Sure! We should have separate function names like that instead of hacking an unrelated function. I am happy to PR :)

zhaochenyang20 · 2024-12-25T05:24:33Z

@fzyzcjy We will PR this into OpenRLHF. Do you think trl is also needed? We (SGLang and lmsys.org) are willing to collaborate with HuggingFace also 😂

fzyzcjy · 2024-12-25T12:30:26Z

I guess it is up to your (SGLang and lmsys)'s choice. My personal thoughts is that, it seems many people are using TRL, so it may be great to PR to that.

Btw, #2569 is not only restricted to be useful to OpenRLHF and TRL, but also for Transformers, since the proposal is about a speedup to PreTrainedModel.generate using SGLang.

zhaochenyang20 · 2024-12-25T21:04:49Z

I guess it is up to your (SGLang and lmsys)'s choice. My personal thoughts is that, it seems many people are using TRL, so it may be great to PR to that.

Btw, #2569 is not only restricted to be useful to OpenRLHF and TRL, but also for Transformers, since the proposal is about a speedup to PreTrainedModel.generate using SGLang.

Pretty good! Let's discuss this later. @fzyzcjy

merrymercy · 2024-12-26T18:43:27Z

The major concern of this approach is that cuda graph will be disabled. torch.compile is only useful when using cuda graph - this is the current design in sglang. If you disable cuda graph, --enable-torch-compile won't do anything.

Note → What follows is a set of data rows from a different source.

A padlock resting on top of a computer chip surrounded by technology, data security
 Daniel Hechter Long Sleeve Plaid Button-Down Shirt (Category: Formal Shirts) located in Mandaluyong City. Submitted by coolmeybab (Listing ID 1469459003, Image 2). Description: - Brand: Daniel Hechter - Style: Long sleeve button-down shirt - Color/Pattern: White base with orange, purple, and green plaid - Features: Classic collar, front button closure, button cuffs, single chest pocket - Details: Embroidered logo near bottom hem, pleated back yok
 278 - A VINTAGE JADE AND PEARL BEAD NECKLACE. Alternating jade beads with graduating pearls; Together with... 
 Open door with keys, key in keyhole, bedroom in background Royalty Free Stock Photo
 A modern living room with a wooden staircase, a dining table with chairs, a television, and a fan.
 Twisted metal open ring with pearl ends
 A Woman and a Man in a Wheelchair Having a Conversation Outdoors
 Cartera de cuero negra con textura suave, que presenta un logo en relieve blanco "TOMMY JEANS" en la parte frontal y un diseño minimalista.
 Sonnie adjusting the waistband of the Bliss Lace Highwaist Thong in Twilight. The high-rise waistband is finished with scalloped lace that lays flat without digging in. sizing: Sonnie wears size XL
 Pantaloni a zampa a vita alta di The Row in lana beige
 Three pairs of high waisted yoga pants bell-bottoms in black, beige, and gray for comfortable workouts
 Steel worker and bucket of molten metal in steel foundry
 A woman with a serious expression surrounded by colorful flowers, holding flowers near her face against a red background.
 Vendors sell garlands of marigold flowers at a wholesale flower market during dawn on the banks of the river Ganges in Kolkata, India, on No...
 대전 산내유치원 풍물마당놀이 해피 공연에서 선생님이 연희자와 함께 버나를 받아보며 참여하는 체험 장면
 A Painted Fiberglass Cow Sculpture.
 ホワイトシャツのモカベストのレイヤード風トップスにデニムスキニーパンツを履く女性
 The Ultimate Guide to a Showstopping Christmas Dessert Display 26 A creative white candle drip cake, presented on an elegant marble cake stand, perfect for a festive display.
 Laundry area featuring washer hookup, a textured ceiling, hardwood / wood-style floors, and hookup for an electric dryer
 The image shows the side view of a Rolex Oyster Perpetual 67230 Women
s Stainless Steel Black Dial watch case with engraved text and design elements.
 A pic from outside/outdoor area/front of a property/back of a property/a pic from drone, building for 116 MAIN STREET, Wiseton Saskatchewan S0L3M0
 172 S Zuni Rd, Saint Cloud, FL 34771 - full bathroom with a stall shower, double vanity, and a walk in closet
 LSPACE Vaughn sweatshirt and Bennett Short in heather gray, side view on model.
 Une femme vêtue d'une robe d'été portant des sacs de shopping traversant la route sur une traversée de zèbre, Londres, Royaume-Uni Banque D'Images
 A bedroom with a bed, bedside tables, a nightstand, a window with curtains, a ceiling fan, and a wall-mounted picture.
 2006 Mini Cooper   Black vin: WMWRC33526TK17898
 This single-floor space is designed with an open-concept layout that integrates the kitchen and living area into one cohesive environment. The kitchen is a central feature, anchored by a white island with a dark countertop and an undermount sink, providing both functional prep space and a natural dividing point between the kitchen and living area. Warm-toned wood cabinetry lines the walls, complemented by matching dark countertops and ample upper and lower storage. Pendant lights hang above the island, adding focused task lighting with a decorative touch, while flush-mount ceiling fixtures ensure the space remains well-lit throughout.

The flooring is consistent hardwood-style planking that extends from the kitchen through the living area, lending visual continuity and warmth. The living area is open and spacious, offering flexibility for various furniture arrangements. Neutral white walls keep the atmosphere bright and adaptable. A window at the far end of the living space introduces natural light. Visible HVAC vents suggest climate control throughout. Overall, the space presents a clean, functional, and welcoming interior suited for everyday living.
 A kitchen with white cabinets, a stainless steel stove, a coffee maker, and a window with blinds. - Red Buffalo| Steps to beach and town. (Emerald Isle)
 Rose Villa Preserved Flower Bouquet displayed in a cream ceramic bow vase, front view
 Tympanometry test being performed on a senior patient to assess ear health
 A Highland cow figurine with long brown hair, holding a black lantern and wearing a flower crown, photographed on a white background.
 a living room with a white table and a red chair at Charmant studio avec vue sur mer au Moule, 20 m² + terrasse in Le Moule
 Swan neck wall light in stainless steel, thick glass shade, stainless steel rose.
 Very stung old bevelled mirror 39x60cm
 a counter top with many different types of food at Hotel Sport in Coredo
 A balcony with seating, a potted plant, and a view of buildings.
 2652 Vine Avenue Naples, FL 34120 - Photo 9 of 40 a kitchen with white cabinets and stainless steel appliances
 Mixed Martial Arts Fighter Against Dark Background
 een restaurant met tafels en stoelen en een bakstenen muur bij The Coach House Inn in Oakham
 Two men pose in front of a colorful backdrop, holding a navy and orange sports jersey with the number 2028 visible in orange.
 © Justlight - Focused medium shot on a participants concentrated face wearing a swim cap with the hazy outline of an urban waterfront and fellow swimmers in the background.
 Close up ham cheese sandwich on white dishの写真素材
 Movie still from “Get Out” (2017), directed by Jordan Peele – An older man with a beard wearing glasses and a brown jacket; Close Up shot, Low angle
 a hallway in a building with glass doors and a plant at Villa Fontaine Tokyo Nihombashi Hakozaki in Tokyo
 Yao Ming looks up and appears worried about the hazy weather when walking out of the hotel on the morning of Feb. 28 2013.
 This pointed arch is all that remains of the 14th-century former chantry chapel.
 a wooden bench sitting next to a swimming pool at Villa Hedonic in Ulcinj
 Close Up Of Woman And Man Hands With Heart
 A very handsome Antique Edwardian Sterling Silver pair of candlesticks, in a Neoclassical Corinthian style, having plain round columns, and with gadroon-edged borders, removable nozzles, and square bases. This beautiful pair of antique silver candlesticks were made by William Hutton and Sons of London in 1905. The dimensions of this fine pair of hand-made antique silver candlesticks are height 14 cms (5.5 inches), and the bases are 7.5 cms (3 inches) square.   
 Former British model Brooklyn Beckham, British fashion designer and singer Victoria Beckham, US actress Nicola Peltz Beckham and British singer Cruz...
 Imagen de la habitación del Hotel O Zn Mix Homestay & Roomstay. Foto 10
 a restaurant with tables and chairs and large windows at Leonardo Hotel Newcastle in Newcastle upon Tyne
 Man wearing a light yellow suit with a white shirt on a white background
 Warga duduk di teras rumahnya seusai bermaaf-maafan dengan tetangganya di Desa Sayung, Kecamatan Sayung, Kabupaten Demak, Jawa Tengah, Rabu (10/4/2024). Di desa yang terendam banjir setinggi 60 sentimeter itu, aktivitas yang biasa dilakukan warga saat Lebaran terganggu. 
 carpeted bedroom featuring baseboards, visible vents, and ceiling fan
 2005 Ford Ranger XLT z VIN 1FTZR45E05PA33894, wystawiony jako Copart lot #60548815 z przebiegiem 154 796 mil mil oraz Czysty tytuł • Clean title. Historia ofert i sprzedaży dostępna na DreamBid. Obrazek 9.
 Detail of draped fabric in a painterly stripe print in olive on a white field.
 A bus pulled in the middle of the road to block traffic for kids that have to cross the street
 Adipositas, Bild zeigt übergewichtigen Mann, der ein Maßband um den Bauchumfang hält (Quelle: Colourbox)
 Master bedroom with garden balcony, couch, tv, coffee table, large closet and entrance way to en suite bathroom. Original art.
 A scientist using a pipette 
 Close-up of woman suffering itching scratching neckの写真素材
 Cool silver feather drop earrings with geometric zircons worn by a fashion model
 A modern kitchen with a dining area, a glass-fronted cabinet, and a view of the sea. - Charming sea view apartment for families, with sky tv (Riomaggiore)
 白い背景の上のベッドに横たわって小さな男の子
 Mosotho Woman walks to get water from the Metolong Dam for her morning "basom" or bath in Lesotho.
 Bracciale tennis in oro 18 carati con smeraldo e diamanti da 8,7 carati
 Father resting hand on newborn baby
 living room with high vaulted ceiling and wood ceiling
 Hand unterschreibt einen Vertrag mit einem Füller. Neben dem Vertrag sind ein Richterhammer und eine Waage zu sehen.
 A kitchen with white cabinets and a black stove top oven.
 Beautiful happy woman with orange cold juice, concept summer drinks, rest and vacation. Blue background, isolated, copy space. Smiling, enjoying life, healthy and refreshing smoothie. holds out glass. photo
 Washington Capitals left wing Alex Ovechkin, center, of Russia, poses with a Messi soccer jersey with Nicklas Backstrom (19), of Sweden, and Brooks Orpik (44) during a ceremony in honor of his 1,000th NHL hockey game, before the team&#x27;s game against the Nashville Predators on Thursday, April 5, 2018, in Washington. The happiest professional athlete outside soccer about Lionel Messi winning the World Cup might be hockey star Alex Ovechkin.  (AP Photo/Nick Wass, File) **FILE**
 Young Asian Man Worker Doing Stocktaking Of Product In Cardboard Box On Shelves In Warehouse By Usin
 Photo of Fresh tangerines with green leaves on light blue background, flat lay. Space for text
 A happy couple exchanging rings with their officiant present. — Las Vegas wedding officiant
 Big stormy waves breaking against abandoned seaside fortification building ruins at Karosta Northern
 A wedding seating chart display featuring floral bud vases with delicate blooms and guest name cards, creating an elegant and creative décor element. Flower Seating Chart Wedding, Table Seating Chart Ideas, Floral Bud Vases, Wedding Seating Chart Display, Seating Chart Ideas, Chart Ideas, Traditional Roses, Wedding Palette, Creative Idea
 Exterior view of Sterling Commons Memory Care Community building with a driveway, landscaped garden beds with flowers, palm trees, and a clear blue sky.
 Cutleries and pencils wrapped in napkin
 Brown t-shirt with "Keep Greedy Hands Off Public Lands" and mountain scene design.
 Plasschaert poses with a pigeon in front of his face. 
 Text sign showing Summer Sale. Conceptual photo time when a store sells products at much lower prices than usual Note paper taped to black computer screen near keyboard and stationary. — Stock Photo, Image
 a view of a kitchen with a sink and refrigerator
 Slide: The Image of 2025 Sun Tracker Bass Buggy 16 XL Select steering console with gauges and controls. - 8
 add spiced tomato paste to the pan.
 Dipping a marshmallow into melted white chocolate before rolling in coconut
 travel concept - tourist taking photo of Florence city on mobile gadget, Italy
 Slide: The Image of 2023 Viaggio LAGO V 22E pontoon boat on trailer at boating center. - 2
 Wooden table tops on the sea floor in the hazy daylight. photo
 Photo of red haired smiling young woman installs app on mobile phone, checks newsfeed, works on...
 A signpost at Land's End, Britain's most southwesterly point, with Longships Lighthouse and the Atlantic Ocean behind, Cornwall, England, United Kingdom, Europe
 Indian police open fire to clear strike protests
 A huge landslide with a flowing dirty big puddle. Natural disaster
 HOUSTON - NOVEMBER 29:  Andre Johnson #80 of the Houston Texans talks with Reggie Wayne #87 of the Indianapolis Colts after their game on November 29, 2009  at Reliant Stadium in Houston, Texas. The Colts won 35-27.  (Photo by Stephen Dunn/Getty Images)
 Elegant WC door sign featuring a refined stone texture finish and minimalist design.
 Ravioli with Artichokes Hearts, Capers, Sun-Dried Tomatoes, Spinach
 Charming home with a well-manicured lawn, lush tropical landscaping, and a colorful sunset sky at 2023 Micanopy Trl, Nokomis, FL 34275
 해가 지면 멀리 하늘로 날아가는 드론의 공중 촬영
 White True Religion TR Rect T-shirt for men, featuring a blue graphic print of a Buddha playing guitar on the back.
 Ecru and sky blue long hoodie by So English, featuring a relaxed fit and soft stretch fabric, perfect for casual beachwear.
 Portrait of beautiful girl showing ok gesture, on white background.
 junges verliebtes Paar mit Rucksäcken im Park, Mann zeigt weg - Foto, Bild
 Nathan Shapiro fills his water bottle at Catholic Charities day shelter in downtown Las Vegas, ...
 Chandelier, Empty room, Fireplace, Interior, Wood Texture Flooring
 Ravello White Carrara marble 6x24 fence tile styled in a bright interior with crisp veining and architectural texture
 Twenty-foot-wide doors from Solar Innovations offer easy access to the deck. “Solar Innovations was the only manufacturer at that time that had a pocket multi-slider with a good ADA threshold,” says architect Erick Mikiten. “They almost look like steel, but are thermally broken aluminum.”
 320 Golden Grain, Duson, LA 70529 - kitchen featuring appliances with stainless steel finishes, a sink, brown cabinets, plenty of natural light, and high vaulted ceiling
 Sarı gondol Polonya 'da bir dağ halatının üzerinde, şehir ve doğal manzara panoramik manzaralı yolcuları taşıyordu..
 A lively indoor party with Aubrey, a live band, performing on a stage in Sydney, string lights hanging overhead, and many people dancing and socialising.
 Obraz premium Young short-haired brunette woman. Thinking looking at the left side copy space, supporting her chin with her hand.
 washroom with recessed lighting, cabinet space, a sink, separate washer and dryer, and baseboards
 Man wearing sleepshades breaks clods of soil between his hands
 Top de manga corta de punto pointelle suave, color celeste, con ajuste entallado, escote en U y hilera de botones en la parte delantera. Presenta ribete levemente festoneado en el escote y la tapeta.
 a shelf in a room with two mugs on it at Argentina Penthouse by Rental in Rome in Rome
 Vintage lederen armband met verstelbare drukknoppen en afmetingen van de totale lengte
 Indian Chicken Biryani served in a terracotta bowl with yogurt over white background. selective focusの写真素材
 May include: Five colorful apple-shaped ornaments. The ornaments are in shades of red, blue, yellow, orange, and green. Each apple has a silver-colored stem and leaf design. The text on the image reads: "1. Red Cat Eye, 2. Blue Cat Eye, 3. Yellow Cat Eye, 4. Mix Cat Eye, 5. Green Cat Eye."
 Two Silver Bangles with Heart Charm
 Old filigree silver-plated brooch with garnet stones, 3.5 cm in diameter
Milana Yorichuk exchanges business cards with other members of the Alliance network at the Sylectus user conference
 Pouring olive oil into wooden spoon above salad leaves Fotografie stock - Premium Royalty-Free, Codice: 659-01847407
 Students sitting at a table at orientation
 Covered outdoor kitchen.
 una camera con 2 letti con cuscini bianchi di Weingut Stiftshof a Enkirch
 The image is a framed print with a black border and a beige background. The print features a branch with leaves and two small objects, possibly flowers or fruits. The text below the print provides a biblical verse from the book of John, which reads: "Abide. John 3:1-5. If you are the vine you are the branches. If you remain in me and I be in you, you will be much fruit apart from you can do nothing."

zhaochenyang20 · 2024-12-26T22:16:08Z

ray job submit --address="172.31.59.18:4567" \
   --runtime-env-json='{"working_dir": "/opt/dlami/nvme/chenyang/rlhf-ckpt"}' \
   -- python3 -m openrlhf.cli.train_ppo_ray \
   --ref_num_nodes 1 \
   --ref_num_gpus_per_node 1 \
   --reward_num_nodes 1 \
   --reward_num_gpus_per_node 1 \
   --critic_num_nodes 1 \
   --critic_num_gpus_per_node 1 \
   --actor_num_nodes 1 \
   --actor_num_gpus_per_node 1 \
   --vllm_num_engines 1 \
   --vllm_tensor_parallel_size 1 \
   --colocate_critic_reward \
   --colocate_actor_ref \
   --pretrain OpenRLHF/Llama-3-8b-sft-mixture \
   --reward_pretrain OpenRLHF/Llama-3-8b-rm-mixture \
   --save_path /opt/dlami/nvme/chenyang/rlhf-ckpt/examples/checkpoint/llama3-8b-rlhf \
   --save_steps 100 \
   --micro_train_batch_size 16 \
   --train_batch_size 128 \
   --micro_rollout_batch_size 32 \
   --rollout_batch_size 128 \
   --max_samples 512 \
   --max_epochs 1 \
   --prompt_max_len 1024 \
   --generate_max_len 1024 \
   --zero_stage 3 \
   --bf16 \
   --actor_learning_rate 5e-7 \
   --critic_learning_rate 9e-6 \
   --init_kl_coef 0.01 \
   --prompt_data OpenRLHF/prompt-collection-v0.1 \
   --input_key context_messages \
   --apply_chat_template \
   --packing_samples \
   --normalize_reward \
   --adam_offload \
   --flash_attn \
   --gradient_checkpointing

@fzyzcjy For your reference.

When sampling with vllm:

[5] NVIDIA H100 80GB HBM3 | 29°C,   0 % | 37858 / 81559 MB | chenyang(21218M) chenyang(16530M)
[6] NVIDIA H100 80GB HBM3 | 32°C,   0 % | 47336 / 81559 MB | chenyang(31702M) chenyang(15528M)
[7] NVIDIA H100 80GB HBM3 | 29°C,   0 % | 74861 / 81559 MB | chenyang(74844M)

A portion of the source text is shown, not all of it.